Friday, January 12, 2007

next bubble "art" / economist

excess liquidity.... next stop art. i think its probably a better way to spend and speculate than in real estate in places like florida etc.....

immer wieder geht alles auf die vorherrschende liquiditätsschwemme zurück. warum also nicht kunst (immer noch besser als zum beispiel immobilien in florida etc...)

Easy money is pouring into the modern-art world

ARTISTS have often been celebrated for their rakish ways, but it is investors in art who these days are living dangerously. In 2006 the market for modern and contemporary art had a record-breaking year. New York's autumn auctions of Impressionist, modern and contemporary art raised more than $1 billion. A portrait by Gustav Klimt, a Picasso painting and one of Jackson Pollock's largest drip paintings each fetched as much as $130m.

China is the latest darling. Sotheby's and Christie's, the biggest fine-art auction houses, sold $190m of Asian contemporary art, most of it Chinese, in 2006, up from $22m just two years before.....
With so much money sloshing around the art world, it's not just cynical realists who worry that the market is overheating.

....Mr Moses points to a five-year compound annual growth rate of above 20%; the last time this happened was in the frenzied years of 1985 to 1990. Though he does not believe a crash is imminent, he notes that when that bubble burst the Mei Moses index dropped by over 60% in the five following years.

Three forces are driving prices higher, says Karl Schweizer, head of art banking at UBS, a Swiss bank. The rich are getting richer, they are more comfortable with alternative assets such as art and there is a shortage of supply—few “classic” modern artists (who worked from 1870 to 1950) and post-war artists have produced work of lasting value......
The market is overcrowded. But the potential for speculative gains is irresistible to some would-be connoisseurs.

Many believe prices will continue to rise. Investors come from further afield than before, and they have very deep pockets.
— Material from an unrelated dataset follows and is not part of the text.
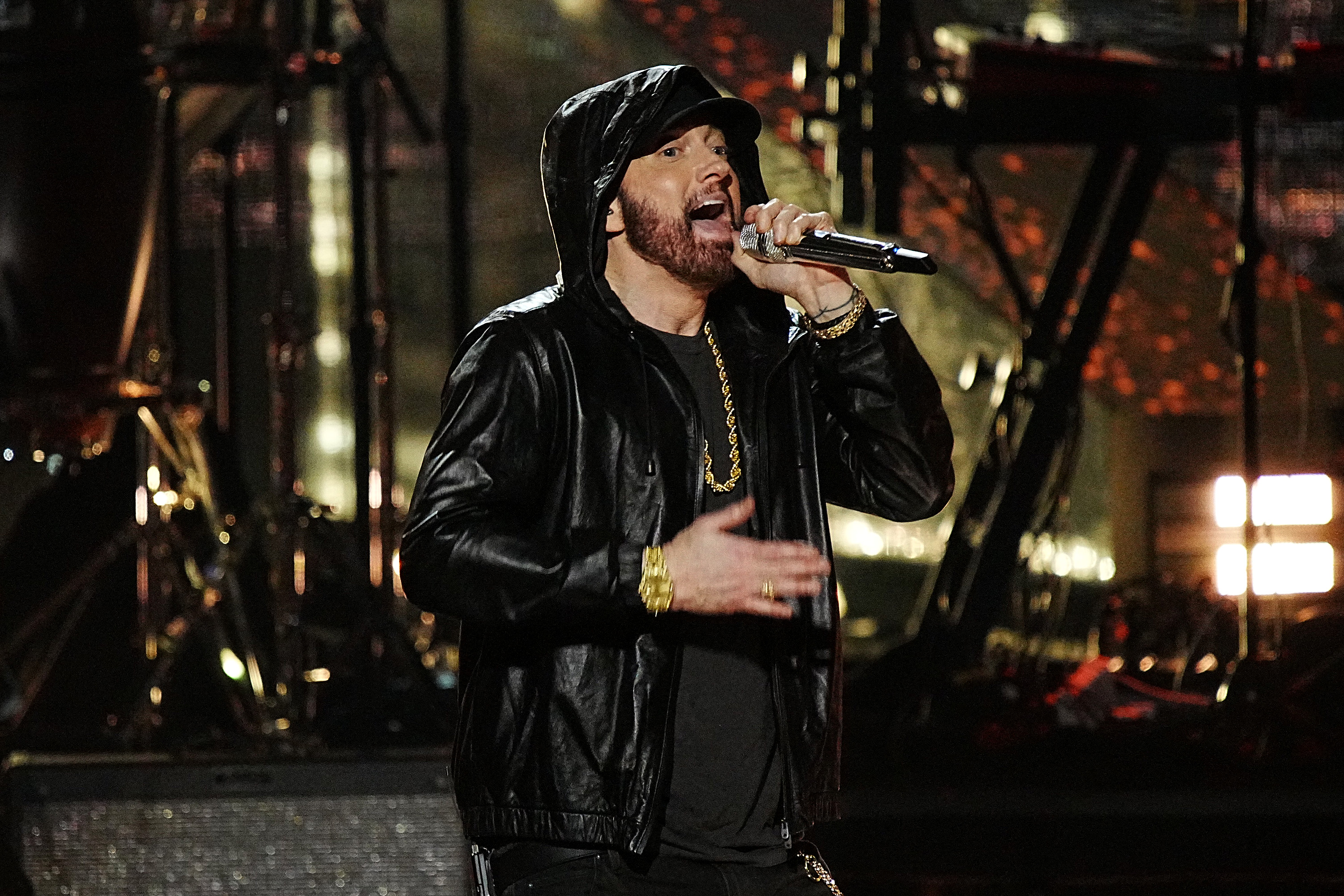 Eminem Sends Detroit Lions a Message After Super Bowl Blow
Whereas Japanese investors mainly bought French Impressionists in the late 1980s, today's emerging buyers from places such as Russia, China and Latin America have more eclectic tastes.
Art is not the only inflated asset class, either. Global liquidity is such that money is pouring into any investment with the potential to produce a quick return. If liquidity dries up, art is unlikely to fare any better than stocks or bonds.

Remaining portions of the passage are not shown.